Prestige in turn claimed indemnity from its professional indemnity insurers (who were Lloyds syndicates) who declined indemnity on the grounds that the claim by BWR was one “arising from” either “the insolvency of any insurer or reinsurer” or a breach of duty to “advise on the suitability (…including financial standing) of any insurer reinsurer”, and therefore fell within exclusion clauses in the policy.
A the trial in July 2008, the proceedings against Prestige were discontinued, meaning it would not incur any legal liability in relation to BWR’s claim. Prestige had however incurred substantial legal costs and persisted with its claim for indemnity from its insurers in relation to those costs.
The only live issues then related to the application of the two exclusion clauses.
Prestige submitted that as BWR’s claim against it did not allege, refer to, or demonstrate any connection with, the insolvency, the claim could not be said to “arise from” the insolvency of International Unity.
Justice Brereton noted that the words “arising from” required some causal connection between the claim and the specified matter, but that would be satisfied by a less proximate relationship than that required by the phrase “caused by”. The requirement that a claim “arise from” a matter would be satisfied, if it “originates in, springs from, or has its foundation in, that matter”.
Although BWR’s claim against Prestige did not explicitly refer to insolvency, it alleged that the public liability policy had ceased to indemnify BWR and that Prestige had negligently placed the insurance with an unregistered overseas insurer and failed to advise BWR of the associated risks. Justice Brereton found that “the craftiness or clumsiness of the claimant’s pleading” was not determinative of the issue; and indeed, both parties accepted that whether the claim fell within the exclusion depended on the facts that give rise to the claim, and not its formulation by the claimant.
The damage that was being asserted by BWR was that it was left without an indemnity of value; and the reason for that was because International Unity was insolvent. In substance, BWR’s claim was attributable to International Unity’s insolvency.
It therefore followed that BWR’s claim against Prestige “originated in, sprang from, or had its foundation in”, the insolvency of International Unity. Accordingly, the claim was one that “arose from” the insolvency of an insurer, and the exclusion clause applied to exclude cover.

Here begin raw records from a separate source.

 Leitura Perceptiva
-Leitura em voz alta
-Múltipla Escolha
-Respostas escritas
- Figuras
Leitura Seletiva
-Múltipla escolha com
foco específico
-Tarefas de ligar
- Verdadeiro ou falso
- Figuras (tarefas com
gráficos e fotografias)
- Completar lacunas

On the issue of whether the “failure to advise” exclusion operated, Justice Brereton concluded that, where a policy excludes cover for claims arising from a specified matter, what was intended was that the insurer were not to be at risk in respect of claims that relied on proof of the specified matter as an underlying fact. It was not necessary that the matter objectively exist; it was sufficient that its existence was asserted, either expressly or implicitly, by the claim.
In this case, the claim included an allegation of breach of the relevant duty. The exclusion clause was therefore engaged; and was not dependant on the existence, as an objective fact, of the alleged breach.
In the result, Prestige’s claim against the insurers failed.